Language of document : ECLI:EU:C:2024:120

ORDONNANCE DU VICE-PRÉSIDENT DE LA COUR

6 février 2024 (*)

« Référé – Articles 278 et 279 TFUE – Pourvoi – Demande de sursis à exécution et d’autres mesures provisoires – Article 160, paragraphe 7, du règlement de procédure de la Cour – Concurrence – Concentrations – Marché des médias – Demande de renseignements – Données personnelles »
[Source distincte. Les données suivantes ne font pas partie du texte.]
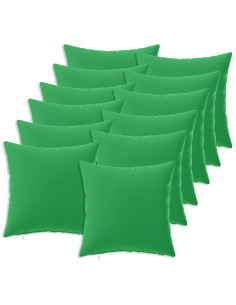 Federa 12 pcs HEERLEN Verde 40 x 40 cm Poliestere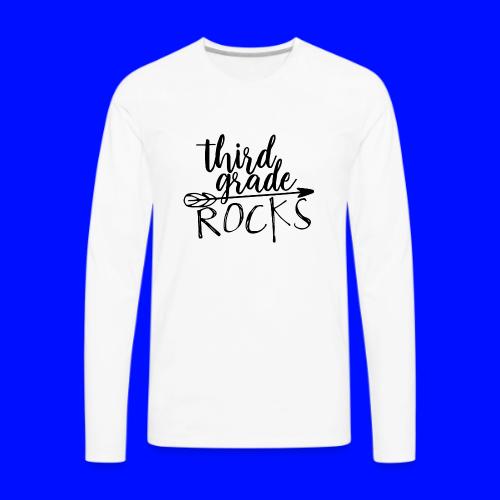 Third Grade Rocks Teacher T-Shirts - Men's Premium Long Sleeve T-Shirt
Dans l’affaire C‑89/24 P(R)-R,

ayant pour objet une demande de sursis à exécution et d’autres mesures provisoires, au titre des articles 278 et 279 TFUE, introduite le 2 février 2024,

Lagardère SA, établie à Paris (France), représentée par Mes G. Aubron, C. Bocket et D. Théophile, avocats,

partie requérante,

l’autre partie à la procédure étant :

Commission européenne,

partie défenderesse en première instance,

LE VICE-PRÉSIDENT DE LA COUR,

l’avocat général, M. M. Szpunar, entendu,

rend la présente




Ordonnance

1        Par sa demande en référé, Lagardère SA demande à la Cour, en application des articles 278 et 279 TFUE ainsi que de l’article 160, paragraphe 7, du règlement de procédure de la Cour de :

–        surseoir à l’exécution de l’ordonnance du président du Tribunal de l’Union européenne du 19 janvier 2024, Lagardère/Commission (T‑1119/23 R, ci-après l’« ordonnance attaquée », EU:T:2024:16), par laquelle celui-ci a rejeté sa demande visant, d’une part, à obtenir le sursis à exécution de la décision C(2023) 6429 final de la Commission européenne, du 19 septembre 2023, relative à une procédure d’application de l’article 11, paragraphe 3, du règlement (CE) no 139/2004 du Conseil (affaire M.11184 – Vivendi/Lagardère), telle que modifiée par la décision C(2023) 7464 final de la Commission, du 27 octobre 2023 (ci-après la « décision litigieuse »), ainsi que, d’autre part, à titre conservatoire, qu’il lui soit enjoint de conserver l’ensemble des documents des personnes concernées par la décision litigieuse susceptibles d’intéresser l’enquête de la Commission ;

–        suspendre l’obligation qui lui a été imposée, par la décision litigieuse, telle que modifiée par la décision C(2024) 572 final de la Commission, du 24 janvier 2014, de collecter et de communiquer à celle-ci des documents contenus dans les boîtes de courrier électronique privées ou personnelles et dans les appareils mobiles privés ou personnels des salariés et des mandataires sociaux de Lagardère jusqu’à l’adoption de l’ordonnance se prononçant sur le pourvoi dans l’affaire C-89/24 P(R), et

–        réserver les dépens.

2        Cette demande a été présentée parallèlement à l’introduction, le 2 février 2024, par Lagardère, d’un pourvoi au titre de l’article 57, deuxième alinéa, du statut de la Cour de justice de l’Union européenne, tendant à l’annulation de l’ordonnance attaquée.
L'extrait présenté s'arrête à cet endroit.